Dentro dessa lógica de diminuição do indivíduo perante seu entorno se encontra não apenas o protagonista, mas todos os envolvidos na narrativa. Assim, embora caiba a Slahi quase todo o peso emocional da obra em seus contornos mais trágicos, é estabelecido um elo entre sua jornada e as dos coadjuvantes mais destacados. Todos eles estão, cada um a seu modo, mergulhados com um senso de inescapabilidade em um sistema voltado não a alguma ideia de justiça, mas à punição como, sem ver a quem, a única resposta possível para a expiação imediata. Esse elo, que constitui a unidade de O Mauritano, é ressaltado tanto pela montagem, que em várias passagens paraleliza as ações de Stuart e Nancy conforme eles vão ingloriamente tentando vencer a burocracia para tomar conhecimento dos contornos do caso e das condições a que Slahi foi submetido, como pelos enquadramentos heterodoxos de Macdonald nas sequências mais cruciais, sempre buscando promover algum grau de enervamento, desorientação e apequenamento dos personagens frente aos ambientes em que se situam, abordagem que alcança seu ápice de efeito expressivo na sequência que retrata, em flashback, as práticas de tortura impostas ao protagonista.
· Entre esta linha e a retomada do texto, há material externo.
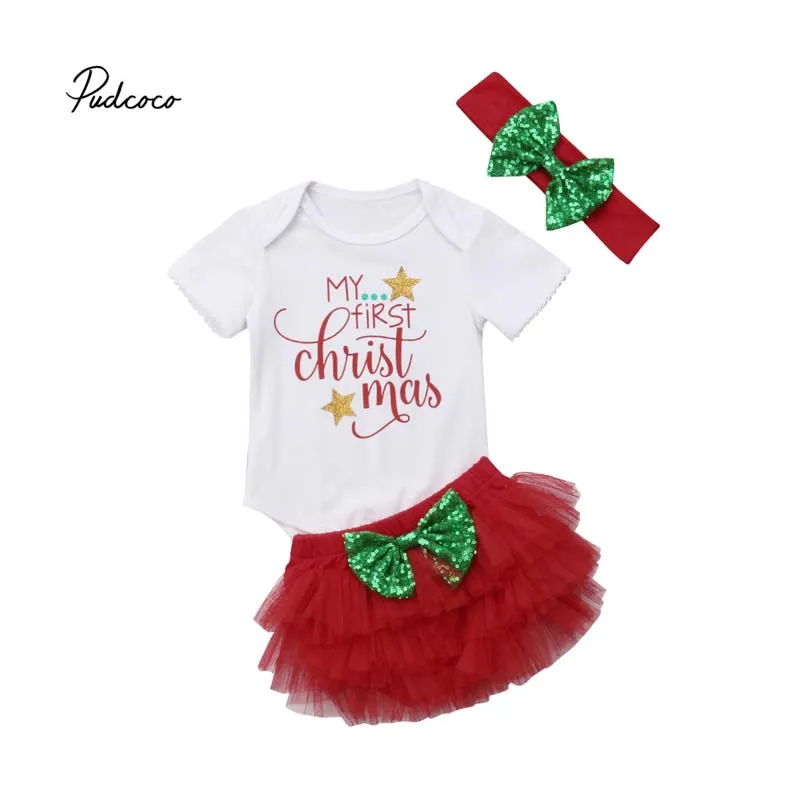 

Pudcoco 2018 My First Christmas Newborn Baby Girl Clothes Set Bodysuit Sunsuit+Tutu Shorts Skirt 3pcs Outfit XMAS Costume 0-18M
Grande parte do mérito de O Mauritano, aliás, vem da compreensão de que, embora todos os seus personagens habitem esse mosaico opressivo, se vejam impotentes diante dele e operem para tentar mudá-lo, a história tem um protagonista específico, e, recaindo sobre ele os desdobramentos mais cruéis de todo esse quadro complexo, é sua experiência que deve ser privilegiada. Ilustrativa dessa consciência e particularmente representativa da perversão contida em toda a lógica representada no filme é a cena em que Nancy e Stuart conversam em um bar contíguo à loja de souvenirs – sim, souvenirs – da prisão de Guantánamo, pondo em choque suas diferentes visões em abstrato sobre a natureza e o destino do local, enquanto, lá dentro, Slahi e vários outros seguem sendo submetidos a toda sorte de condições desumanizantes.
É verdade que, em alguma medida, ainda que lateralmente, perpassa o filme a ideia de heroísmo individual dos “obstinados americanos” que tentam corrigir as “falhas” do sistema de justiça de seu país, o que encurta o escopo crítico da obra ao relegar as mazelas retratadas a um problemático status tópico e acidental de “mal funcionamento das instituições”.
Apesar disso, é tocante que ao fim da projeção, conforme rolam os créditos, superada a imersão e os apelos dramáticos mais imediatos do thriller a que se assistiu pelas últimas pouco mais de duas horas, faça-se a opção de exibir imagens documentais de Slahi retornando a sua casa e sendo recebido por família e amigos. É como um lembrete de que realmente importante no fim das contas, para além do gozo e do envolvimento proporcionados pela sessão, é o fato de que O Mauritano trata de um recorte na história de uma pessoa cuja vida segue para além do cinema.